As is already clear, the only honest answer is that we do not know.
Nevertheless, it is not unreasonable to try and guess; and this is
essentially what the IPCC has devoted itself to doing. Its conclusion is
that, by the end of this century, on a business-as-usual basis, global
mean temperature might have risen by anything between 1 degree and 6
degrees centigrade. This is based on a combination of the immensely
complex computer models of the relationship between carbon dioxide
concentrations and global temperature, developed by the Hadley Centre
and others, coupled with a range of different projections of the likely
growth of carbon dioxide emissions.
This last part is not, of course, a scientific matter at all, but
consists of economic forecasting. That is to say, it depends on the rate
of world economic growth over the next hundred years (which in turn
depends to a considerable extent on the projected world population), the
energy-intensiveness of that growth, and the
carbon-intensiveness of the energy used.
The upper part of the IPCC’s range of scenarios is distinctly
unconvincing, depending as it does either on an implausibly high rate of
population growth or, in particular, an unprecedented growth in energy
intensiveness, which in fact has been steadily declining over the past
Equally implausible are its estimates of the costs of any warming that
may occur. For example, it makes great play of the damage to agriculture
and food production from climate change. Quite apart from the fact there
are many parts of the world where agriculture and food production would
actually benefit from a warmer climate, the IPCC studies are vitiated by
the fact that they assume that farmers would carry on much as before,
growing the same crops in precisely the same way – the so-called ‘dumb
In reality, of course, farmers would adapt, switching as the need arose
to strains or crops better suited to warmer climates, to improved
methods of irrigation, and in many cases by cultivating areas which had
hitherto been too cold to be economic.
It is important to bear in mind that, whatever climate alarmists like to
make out, what we are confronted with, even on the Hadley Centre/IPCC
hypothesis, is the probability of very gradual change over a large
number of years. And this is something to which it is eminently
practicable to adapt.
This points to the first and most important part of the answer to the
question of what we should do about the threat of global warming: adapt
to it. There are at least three reasons why adaptation is far and away
the most cost-effective approach.
The first is that many of the feared harmful consequences of climate
change, such as coastal flooding in low-lying areas, are not new
problems, but simply the exacerbation of existing ones; so that
addressing these will bring benefits even if there is no further global
warming at all.
The second reason is that, unlike curbing carbon dioxide emissions, this
approach will bring benefits whatever the cause of the warming, whether
manmade or natural.
And the third reason why adaptation – most of which, incidentally, will
happen naturally, that is to say it will be market-driven, without much
need for government intervention – is the most cost-effective approach
is that all serious studies show that, not surprisingly, there are
benefits as well as costs from global warming. Adaptation enables us to
pocket the benefits while diminishing the costs.

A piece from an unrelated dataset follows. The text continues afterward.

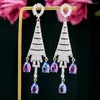 Kolczyki Dangle Missvikki Trendy błyszczący styl kropla dla kobiet przyjęcie weselne Cubic cyrkon Dubai Bridal Earring Boucle D'Oreille 2023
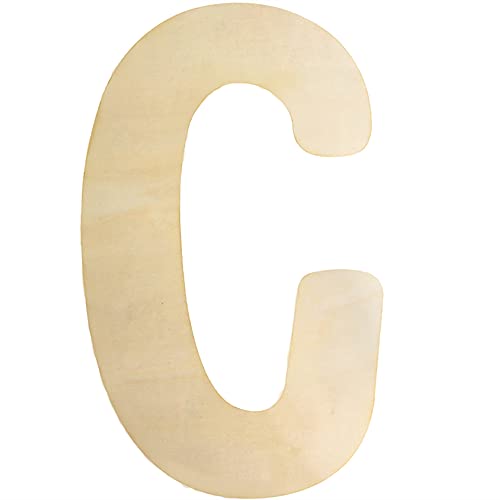 Wooden Letters C Large Wooden Letters 12 Inch Unfinished Wood Letters for Wall Decor Crafts Blank Big Alphabet Board Painting Hanging Home Baby - WoodArtSupply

The main argument advanced against relying principally on adaptation is
that it is all right for the rich countries of the world, but not for
the poor, which is unacceptable.
As Professor Mendelsohn of Yale, author of a number of studies of the
impact of climate change, has written,
“The net damages to mid to high latitude countries [such as the UK] will
be very small if not beneficial this coming century. The impacts to poor
low latitude countries will be harmful across the board…Climate change
will hurt the poorest people in the world most.”
This is no doubt true, although it is frequently exaggerated. But it
does mean that those of us in the richer countries of the world have a
clear moral obligation to do something about it – not least because, if
the man-made warming thesis is correct, it is we who caused the problem.
According to the IPCC, the greatest single threat posed by global
warming is coastal flooding as sea levels rise. Sea levels have, in
fact, been rising very gradually throughout the past hundred years, and
even the last IPCC Report found little sign of any acceleration.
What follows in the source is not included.